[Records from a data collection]
________________
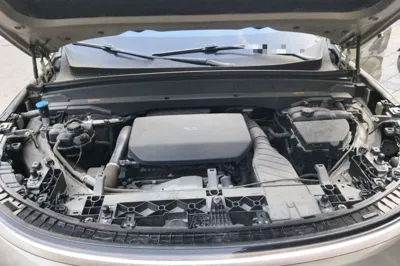 Li Auto L9
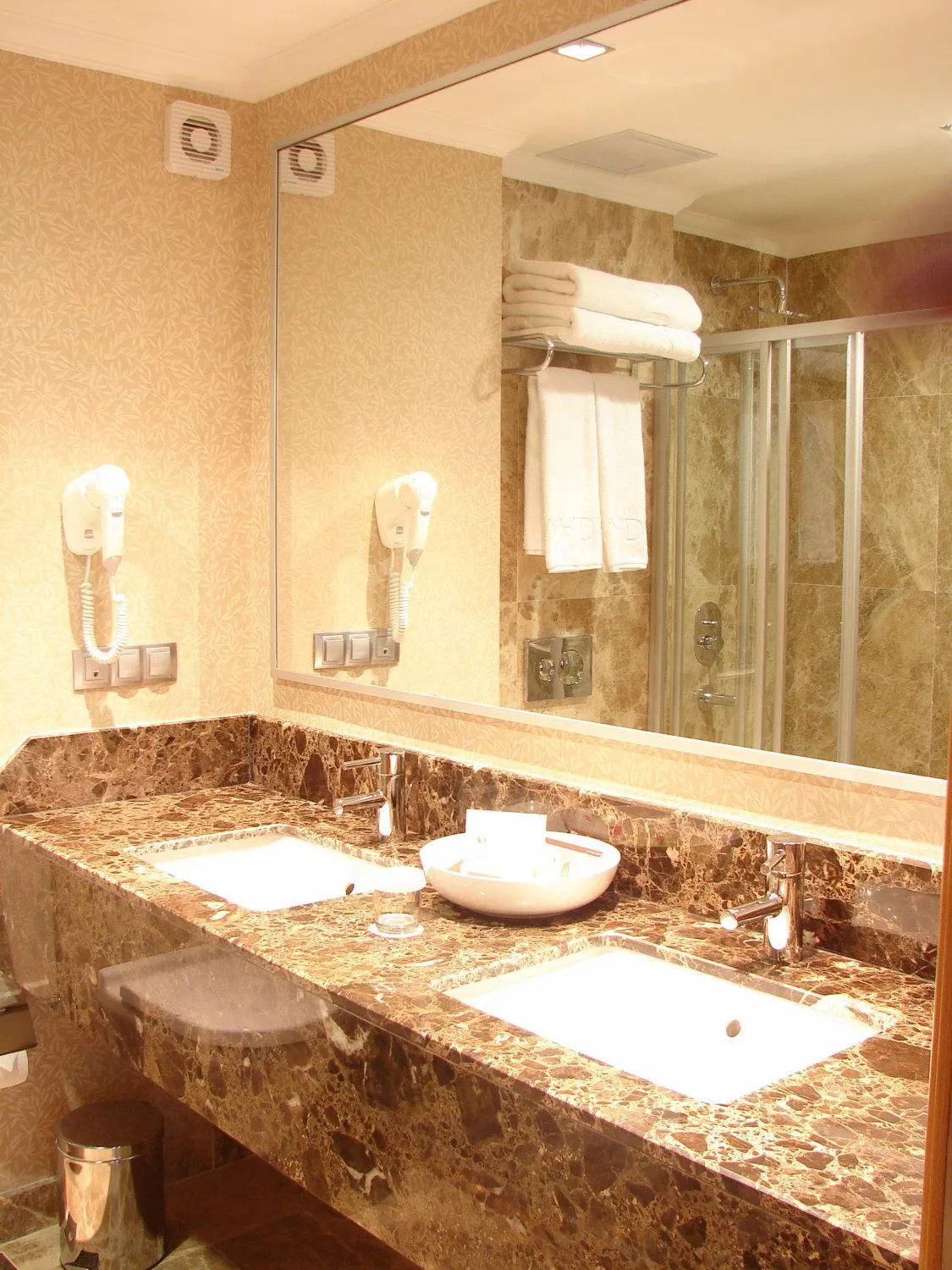 Bathroom in Ramada Plaza By Wyndham Kahramanmaras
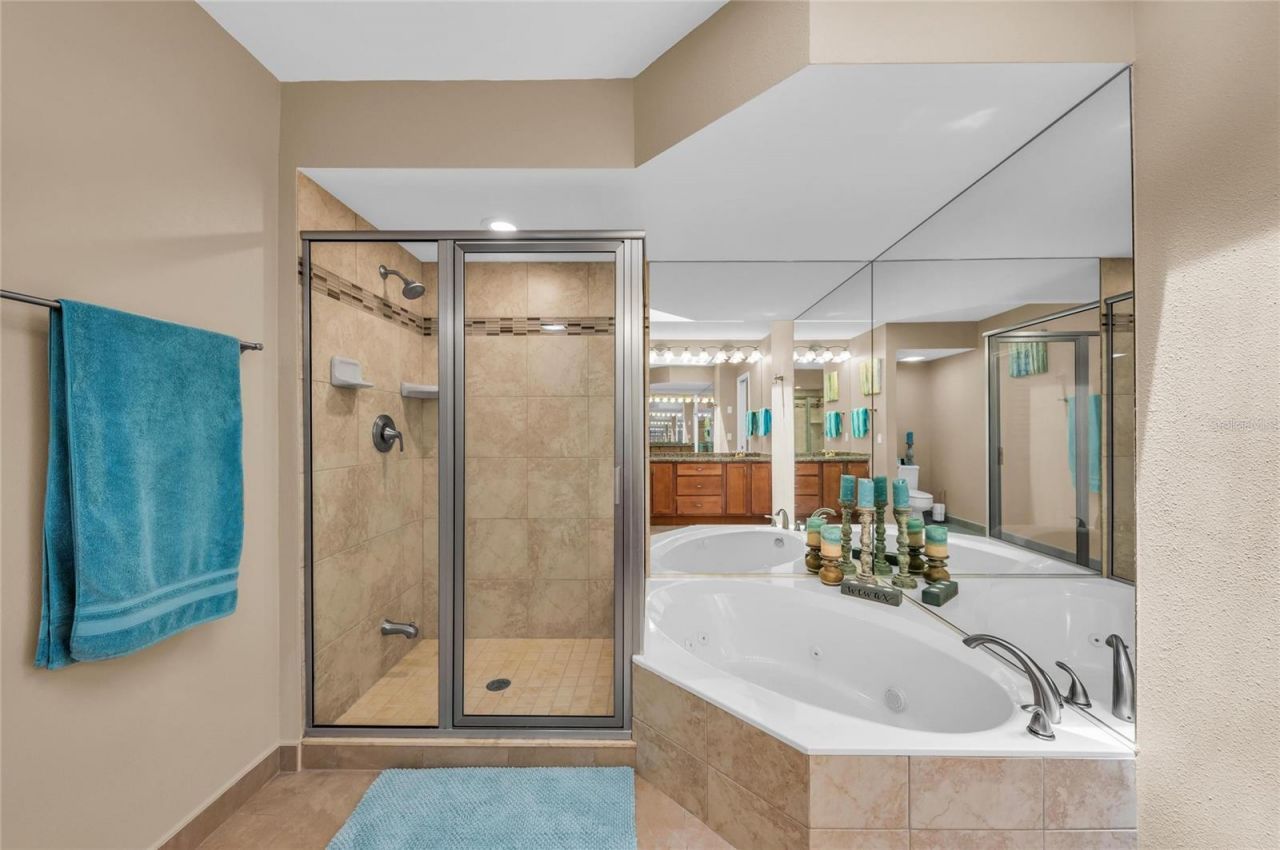 2350 Harbour Oaks Drive, Longboat Key, FL 34228 Photo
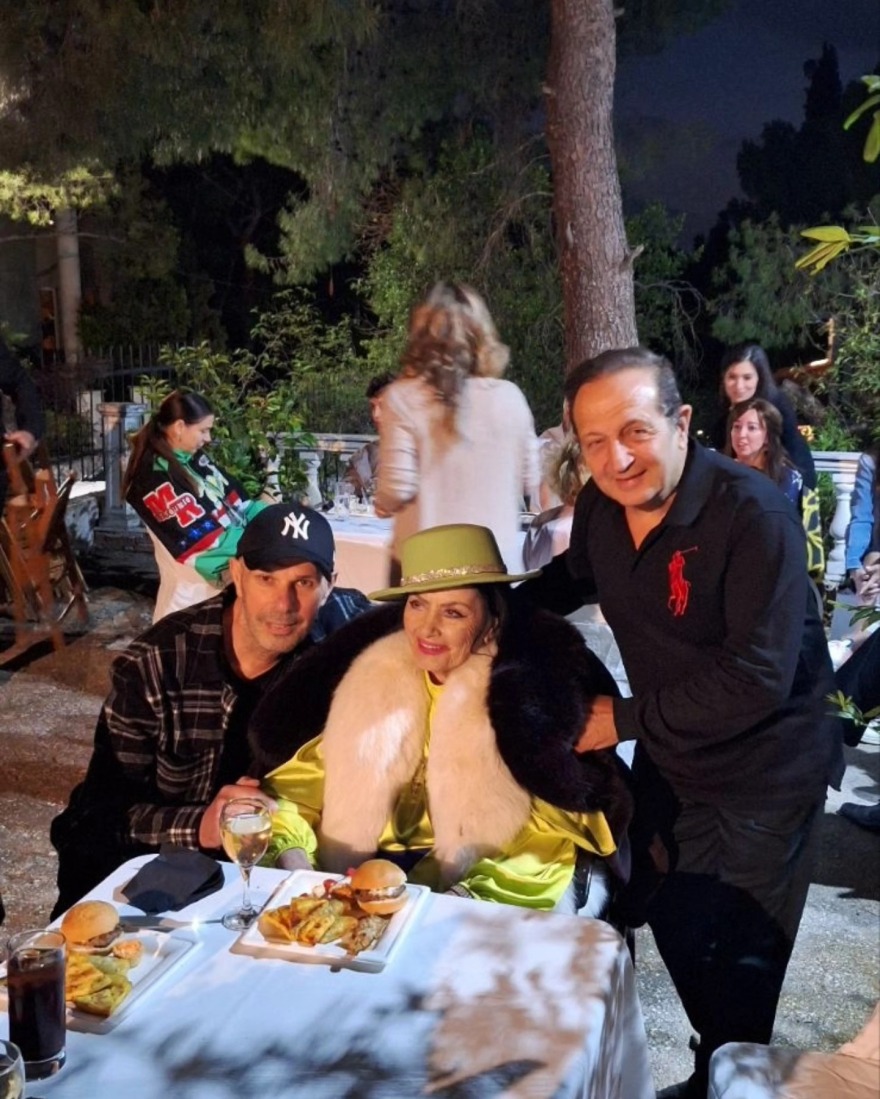 Ο Φώτης Μεταξόπουλος έκλεισε τα 90 - Δείτε φωτογραφίες από τα γενέθλιά του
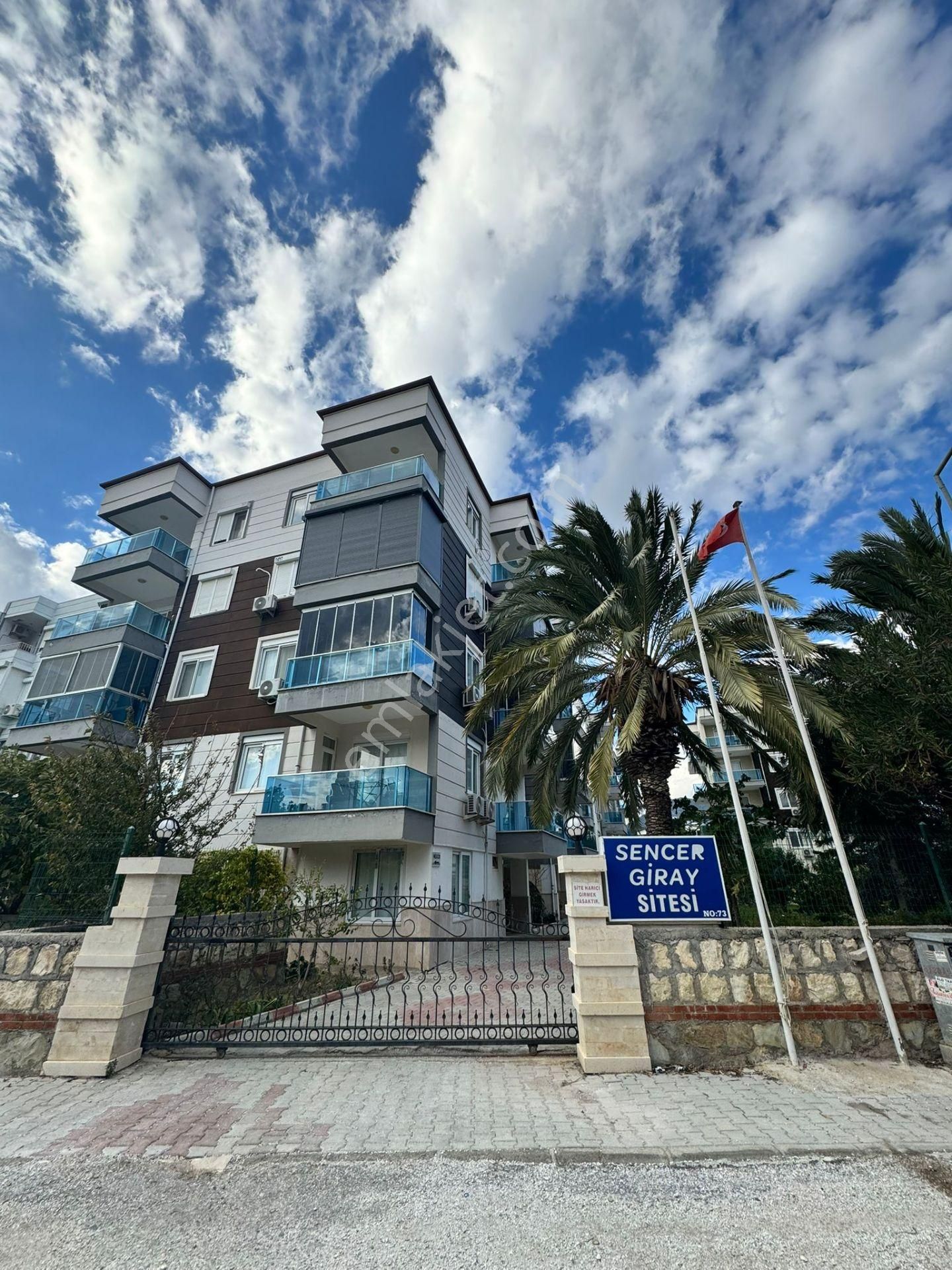 Anamur Güzelyurt Mahallesi Sencer Giray Sitesinde Satılık Ve Kiralık 2+1, 3+1 Daireler - Görsel 18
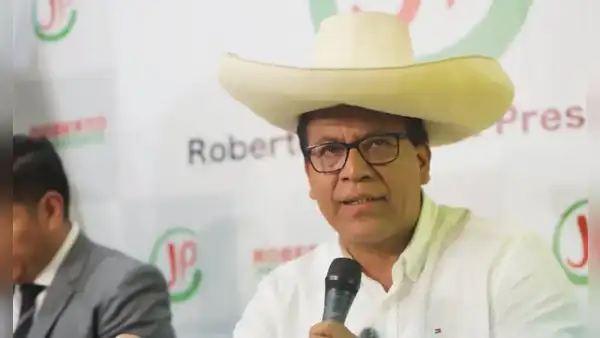 JEE rechaza pedidos de Juntos por el Perú para anular mesas en el extranjero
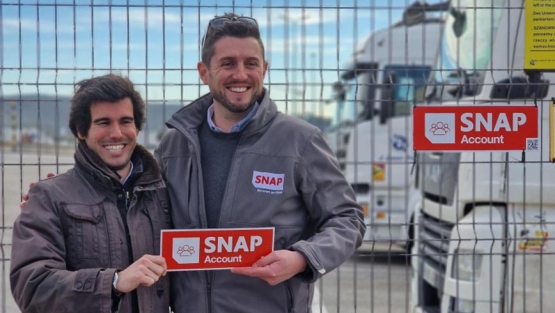 RevistaTRUCK's tweet photo. #OnTurtle cierra un acuerdo con la plataforma #SNAP para que los conductores puedan reservar previamente una plaza en su aparcamiento de #LaJonquera.
https://t.co/sRa9Iuu0OR
#parking #app #PlataformaGlobal @OnTurtle_eu #transporte https://t.co/mN47cTBzIQ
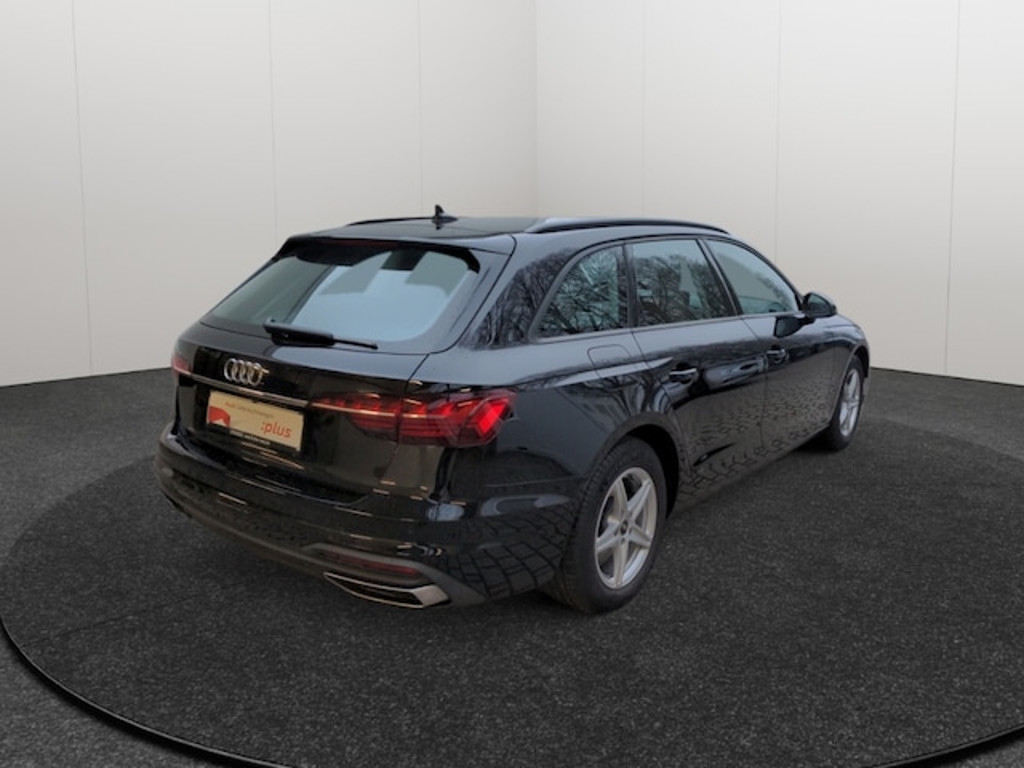 Audi A4 Avant S-Tronic 30 TDI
________________
§ Task to complete
Please give an exact copy of the lines from the line containing "Bathroom in Ramada" through the end of the records above, pictures excluded.

§ Answer section
 Bathroom in Ramada Plaza By Wyndham Kahramanmaras
 2350 Harbour Oaks Drive, Longboat Key, FL 34228 Photo
 Ο Φώτης Μεταξόπουλος έκλεισε τα 90 - Δείτε φωτογραφίες από τα γενέθλιά του
 Anamur Güzelyurt Mahallesi Sencer Giray Sitesinde Satılık Ve Kiralık 2+1, 3+1 Daireler - Görsel 18
 JEE rechaza pedidos de Juntos por el Perú para anular mesas en el extranjero
 RevistaTRUCK's tweet photo. #OnTurtle cierra un acuerdo con la plataforma #SNAP para que los conductores puedan reservar previamente una plaza en su aparcamiento de #LaJonquera.
https://t.co/sRa9Iuu0OR
#parking #app #PlataformaGlobal @OnTurtle_eu #transporte https://t.co/mN47cTBzIQ
 Audi A4 Avant S-Tronic 30 TDI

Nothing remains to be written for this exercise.